The Welsh Black Beef is the real winner of the BSE scandal - if a slaughter animal is allowed to feel like a winner at all. Because when discussing healthy beef, the black shaggy animal from Wales scores with inner values: Its meat is rich in those fats that are absolutely necessary for a healthy diet.

Black cattle

Compared to cattle that are fattened with grain and concentrated feed, the grass and green plant eaters from the Welsh pastures produce six times more omega-3 fatty acids; they are not produced by the human body and can only be ingested with food. The gourmet appreciates these properties far more in Welsh Black beef: Fine aroma, delicate fiber and balanced fat content - ideal conditions for a roast beef à la Anglaise.

The Food Technology Center (FTC) in Llangefni, a small town on Anglesey, guarantees the future quality of luxury foods and food from Wales. This food technology institute is part of Coleg Menai - a college that also teaches marketing and arts students.
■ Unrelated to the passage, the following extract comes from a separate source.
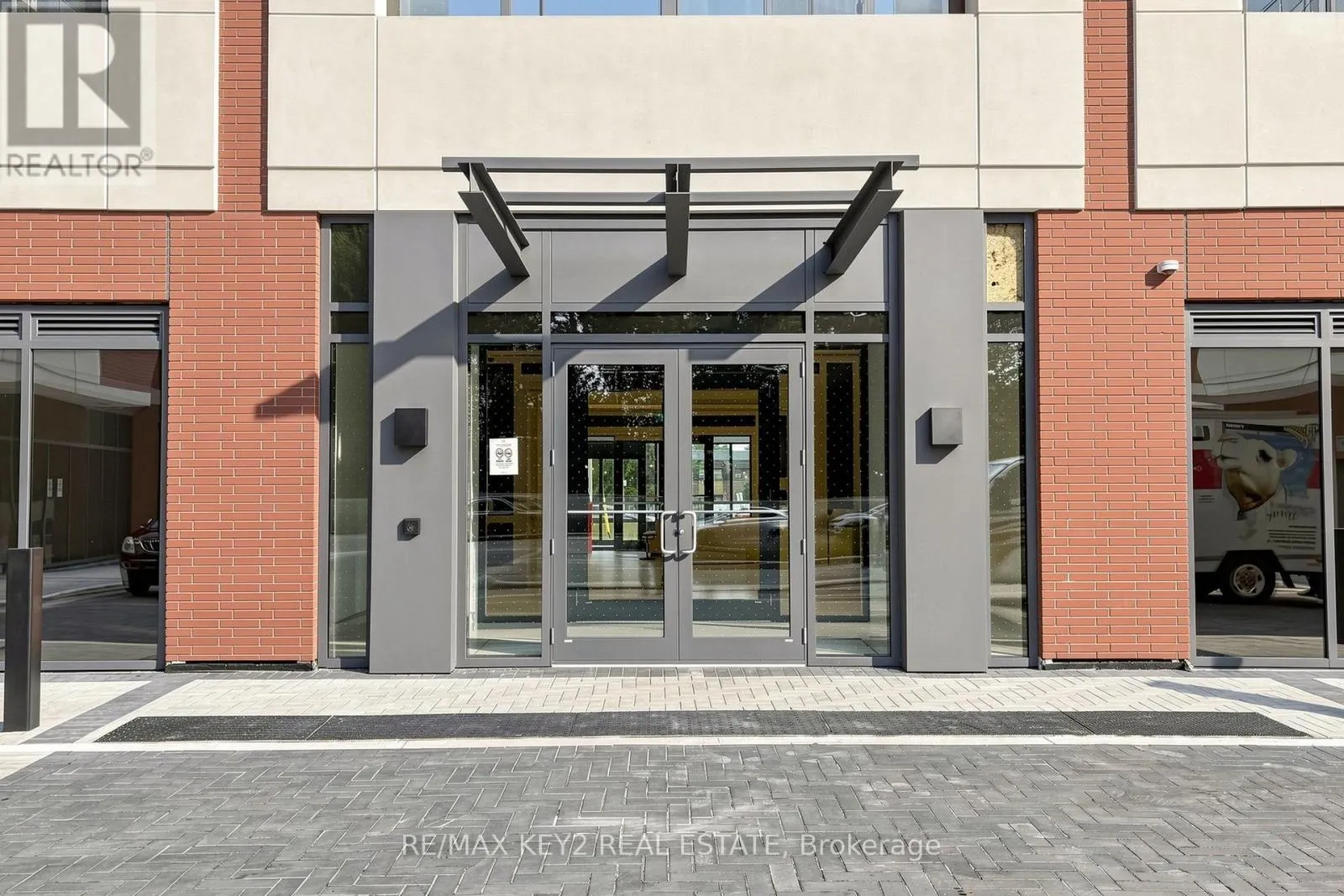 206 - 4010 EGLINTON AVENUE W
The FTC employees have worked with Welsh farmers to create several delicacies - from salted butter to various ice cream specialties and sophisticated meat-smoking methods.

The food technologists from Llangefni are particularly proud of a blue cheese that they developed together with a regional manufacturer: Gorau Glas. “Gorau” is the Welsh word for “best”, “glass” for “blue”. Gorau Glas is now degrading Roquefort to the second best blue mold product on cheese shelves across the UK - and not just Wales.
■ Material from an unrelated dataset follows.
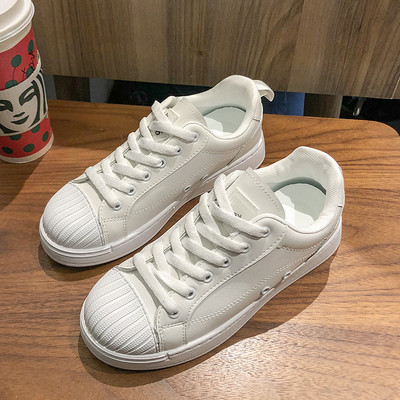 Kunstnahast valged naiste tossud lameda tallaga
A cheese is tested in the Food Technology Center

The FTC is always open to laypeople. Companies - not only from the food industry - like to send their employees to a team building seminar (formerly called a company outing) in Llangefni. There the seminar participants can learn in the morning how to make ice cream; in the afternoon you will be initiated into the secrets of sausage production. 

Sausage is more than just sausage

But it's really about the sausage once a year when the FTC organizes Sausage Day. - Sausage? Many a continental European thinks of Sausage of the disappointment he experienced in the breakfast room of a British hotel when he put such a meat creation on his plate for the first time - and never again later. Because the word “sausage” is translated correctly with “sausage”, but the sausage tastes were shaped differently in Great Britain than in the rest of Europe.

In this regard, the FTC “Sausage Day” campaign is a pan-European confidence-building measure. Because this is where the truly tastiest sausage recipes of the year are awarded. In 2008 the first prize went to the creator of a chocolate and chilli composition. From here, too, congratulations to the winner.

Juliet West with her pudding creations: chocolate and ginger

The Pudding Compartment company in Conwyn, North Wales, on the other hand, tends to maintain the good old sweets tradition. Juliet West and her husband Steve founded this manufacturing company for premium puddings and desserts in 2007. In 1283 the Norman King Edward I had Conwyn Castle built in the same town, from where the English exercised their power over Wales for centuries. As a provocation for the Welsh subjects, the English kings still call their successors “Prince of Wales”.

Prince Charles is increasingly presenting himself as a friend of the Welsh people. He even bought a house in Wales for himself and his Camilla. He is also said to have already enjoyed the products from the pudding compartment. No wonder. Charles has lost a reputation as an eco-prince. And because the Compartment Puddings from Conwyn are made with eggs from free-range chickens, Welsh butter and milk as well as Fairtrade spices, they shouldn't only taste good to the Prince of Wales.